La compilación viene precedida por la visión de Catherine Camus, hija del autor de “El extranjero”; prólogo de una sencillez sensible, que determina la aceptación y ofrece la anuencia del romance —admitiendo la infidelidad nada extraordinaria en el caso de un hombre como Camus—, honrando la lealtad del padre en ese tiempo «que refleja con claridad la evidencia irresistible que caracterizó su amor».
«Todas las grandes acciones y todos los grandes pensamientos tienen un comienzo irrisorio —escribe Camus en el “El mito de Sísifo”—. Las grandes obras nacen con frecuencia a la vuelta de una esquina o en la puerta de un restaurante. Lo mismo sucede con la absurdidad. El mundo absurdo más que ninguno es noble por ese nacimiento miserable».
Me gusta eso de la “esquina” y “la puerta”, porque cada vez que Camus aparecía con María Casares en los restaurantes de París los músicos, lívidos, atacaban la lírica de “La Vie en Rose”: «Ojos que me hacen bajar los míos. / Una risa que se pierde en su boca. / Aquí está el retrato sin retoque / del hombre al que pertenezco».

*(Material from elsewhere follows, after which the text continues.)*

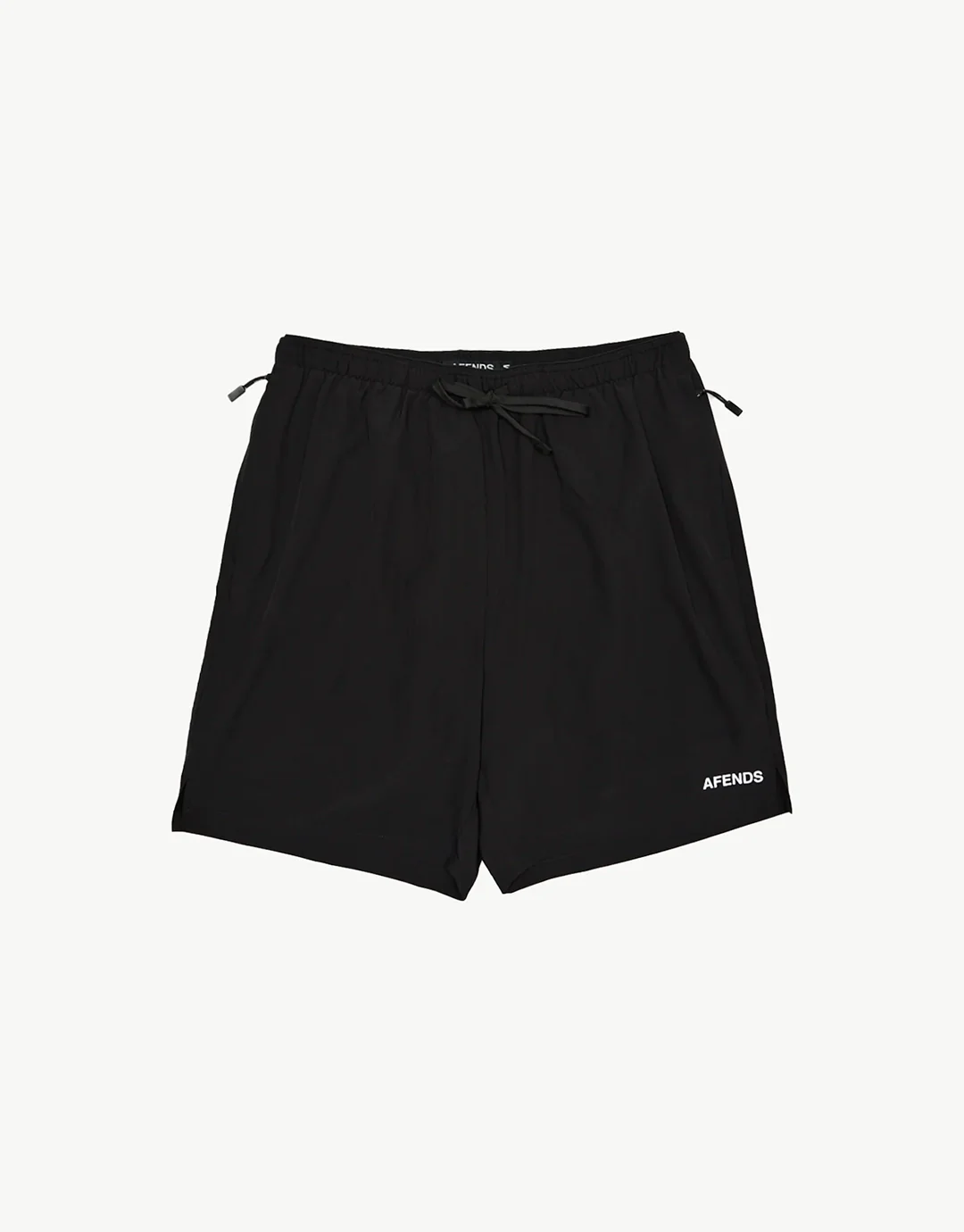 Kettle-Ish 18" Performance Shorts - Black - Image 2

Y en verdad existe el retrato hecho con dulces palabras incendiarias, porque en esa acumulación de experiencias y sentimientos transmitidos —más que un epistolario, una romance biográfico, lección para un siglo donde el sexo ha tomado ya el rubro del desencanto— el momento precioso se encuentra en una carta de María Casares al hombre de la gabardina, que se expresa en las palabras siguientes:
«La resignación cede el sitio a una impaciencia que me deja agotada y la modesta filosofía personal que me había fabricado se desploma ante esta necesidad vital que tengo de ti, de tu boca, de tus ojos, de tus miradas, de tu cabeza apoyada en mí, de tus manos en mí, de tus brazos alrededor de mí, de tus palabras ahogadas, de tu sonrisa, tan diáfana, de tu risa ingenua, de tus hombros curvándose alrededor de mí, de tus piernas duras enredadas a las mías, de tus perfiles perdidos contra el fondo del cielo en mis ventanas, de tu cuerpo pesado encima del mío, de tus caricias, de tus paseos interminables por mi cuarto, de tus entradas, de tus salidas, de tu voz atenuada al teléfono, de tu brutalidad, de tu dulzura, de tu amistad, de tu deseo, de tu amor, de ti, de ti entero, por dentro, por fuera, de ti entero tan hecho para mí, tan cerca de mí, tan parecido, tan prodigiosamente parecido a todo cuanto deseo…». (18 de febrero de 1951, domingo / Carta 415.)
En este caso, palabra por palabra, lo mejor no es enemigo de lo bueno.